Why are my stitches are loopy?
Check the tension on your sewing machine. 4 is usally a good number for most fabrics. If it is on 4 and still the stitches are loopy, adjust the tension dial.
If the loops are at the bottom, increase it.
If the loops are at the top, decrease it.
If that does not work, take the bobbin out and give the bobbin area a clean with a dry paint brush, then rethread the machine.
Why does the thing I’ve made not fit?
If you are using a pattern, do not be fooled into thinking that the size guide on the back bears any relation at all to normal dress sizes.
Measure yourself with a tape measure and check your measurements against the sizes on the back of the packet.
Make sure that when you are sewing up, you follow the guidance about how much to allow for the seam allowance.

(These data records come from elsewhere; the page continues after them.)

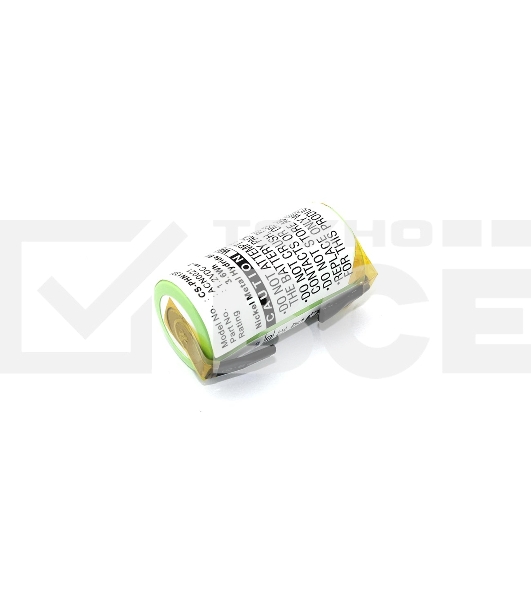 Аккумулятор CameronSinoCS-PHN130SL для Philips HP1304 1,2V 3000mAh Ni-MH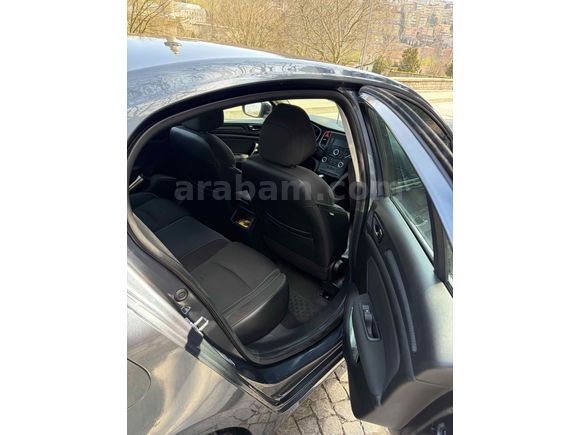 Sahibinden Renault Megane 1.5 dCi Touch 2018 Model 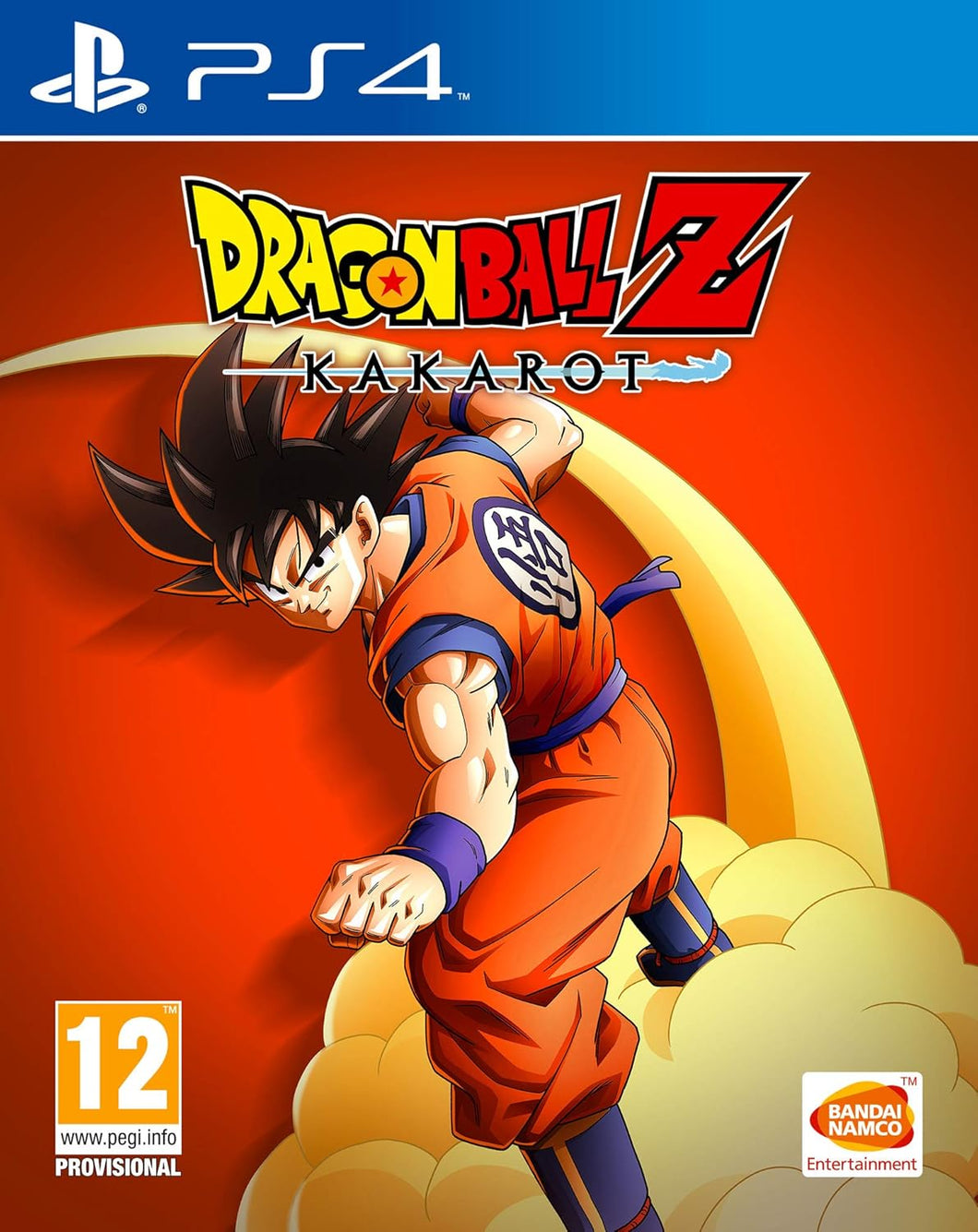 Dragon Ball Z: Kakarot (PS4) NEW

The surest way to end up with something that fits is to keep trying it on.
If you have already made it and it’s too big, try taking it in. Put the garment on inside out and pin the side seams. If there are darts, you might need to take those in too.
If it is too small, unfortunately that is harder to fix. You might be able to let the seams out and darts if there is enough fabric. If it is still to tight, you might have to consider upcycling it into something else.
The thing I made is shapeless. How do I fix it?
If it is shapeless, it is probably because it doesn’t fit very well. The way to fix this is to try it on inside out and pin the seams so that it is a closer fit. If the seams are fine but it is baggy in other places, try adding some darts. You can read about darts here in this post, A Guide to Pattern Pieces.
If none of that works, you might have to get inventive! A belt? Or maybe you’ll just have to cut your losses and turn it into something else.
You can read about how I turned a shapeless disaster of a dress into a wearable skirt here.
Here’s a bonus one!
Why does the thing I made not hang right?
In order for clothes to hang right, the grain needs to be straight on the up and down lines of the pieces. So is you are cutting out a sleeve, the line running from shoulder to wrist should run parallel with the selvedge (the woven edges on each side of the fabric). With a top or a bodice, the grain should run parallel with the centre line. Skirts are the same, the grain needs to run up and down the centre. If you are cutting out a skirt piece on the fold, the folded edge will usually be on the grain.
And here’s another bonus one!
I want to make my own stuff without using a pattern. Where do I start?
The first thing you will need to do is take your measurements and record them somewhere.
Starting with something simple is a good place to begin, like a circle skirt or a simple top.
Identify clothes in your wardrobe and on the internet that you like. Draw a sketch and try to come up with a plan for how you will make it. Keep it simple and if you are worried, try practising with some cheaper or old fabric first.